BEGIN

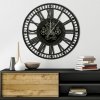 Dekoracyjny zegar ścienny w stylu industrialnym z metalu 90cm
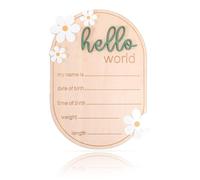 Gosknor Cartello con Annuncio del Bambino, in Legno Ciao Mondo Personalizzato l'Annuncio di Nascita per il Nome del Bambino per Asilo Nido e Ospedale Come Accessorio per Foto Come Regalo (Verde)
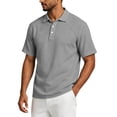 thumbnail image 4 of Dwelliawo Dress Capri Polo Shirts Men Breeze Short Sleeve Textured Work Golf Shirt Summer Casual Performance Collared Tshirts Gray L, 4 of 5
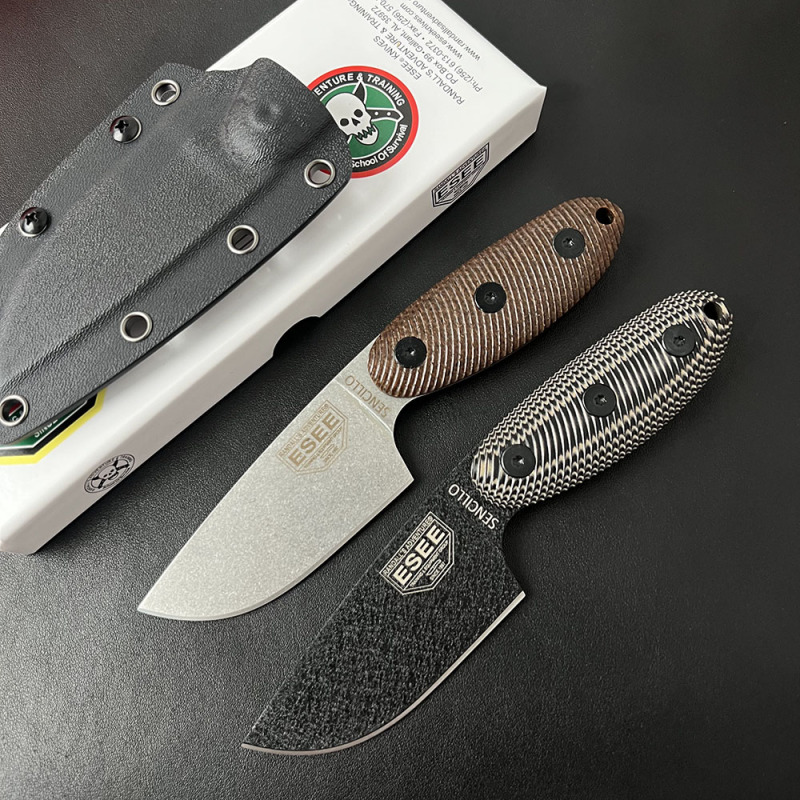 ESEE Knives Sencillo Fixed Blade Knife 3.54" 1095 Steel Drop Point Blade, 3D Machined Micarta Handles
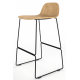 Almond Ash Shell Chair High Stool with Black Steel Frame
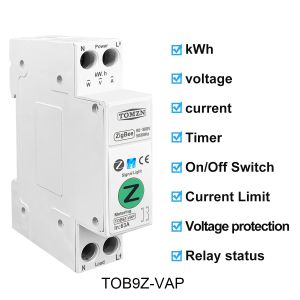 TOMZN Zigbee 63A 1P+N WIFI Smart Switch Energy Meter Kwh Metering Monitoring Circuit Breaker Timer Relay MCB TUYA smartlife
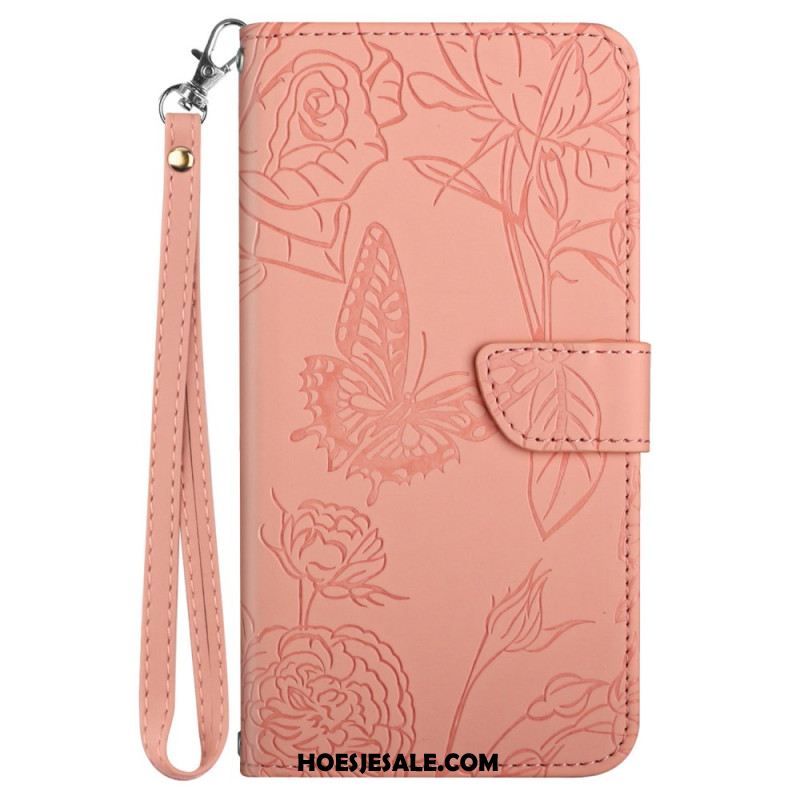 Folio-hoesje Samsung Galaxy M55 5g Vlindersprint Met Riempje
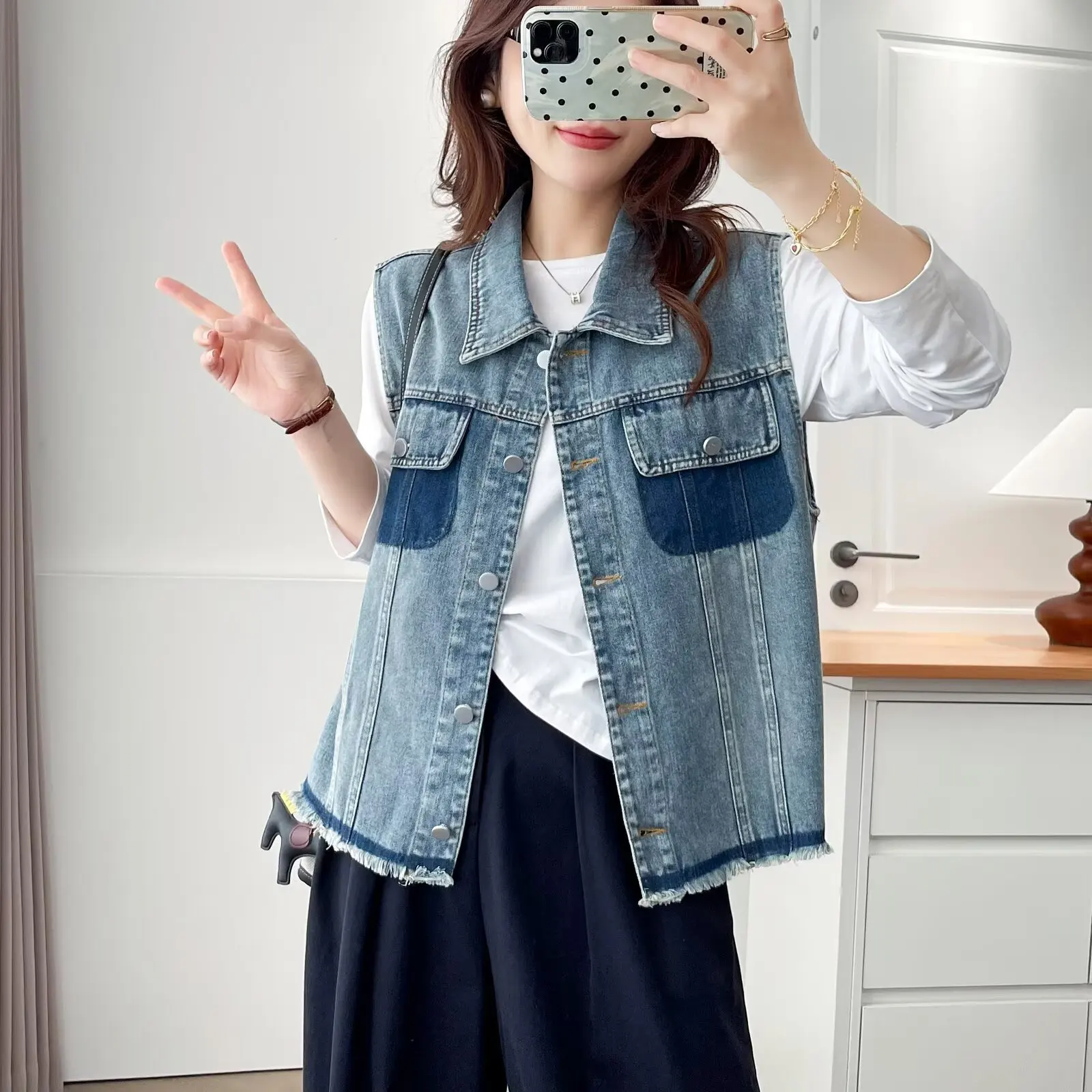 XXXXL Fashion Plus Size Women's Denim Vest Autumn Casual color-blocking Retro Sleeveless Coats 8316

END

What you have to do: Give back every line of the material exactly as written, but not the pictures.

Worked solution:
 Dekoracyjny zegar ścienny w stylu industrialnym z metalu 90cm
 Gosknor Cartello con Annuncio del Bambino, in Legno Ciao Mondo Personalizzato l'Annuncio di Nascita per il Nome del Bambino per Asilo Nido e Ospedale Come Accessorio per Foto Come Regalo (Verde)
 thumbnail image 4 of Dwelliawo Dress Capri Polo Shirts Men Breeze Short Sleeve Textured Work Golf Shirt Summer Casual Performance Collared Tshirts Gray L, 4 of 5
 ESEE Knives Sencillo Fixed Blade Knife 3.54" 1095 Steel Drop Point Blade, 3D Machined Micarta Handles
 Almond Ash Shell Chair High Stool with Black Steel Frame
 TOMZN Zigbee 63A 1P+N WIFI Smart Switch Energy Meter Kwh Metering Monitoring Circuit Breaker Timer Relay MCB TUYA smartlife
 Folio-hoesje Samsung Galaxy M55 5g Vlindersprint Met Riempje
 XXXXL Fashion Plus Size Women's Denim Vest Autumn Casual color-blocking Retro Sleeveless Coats 8316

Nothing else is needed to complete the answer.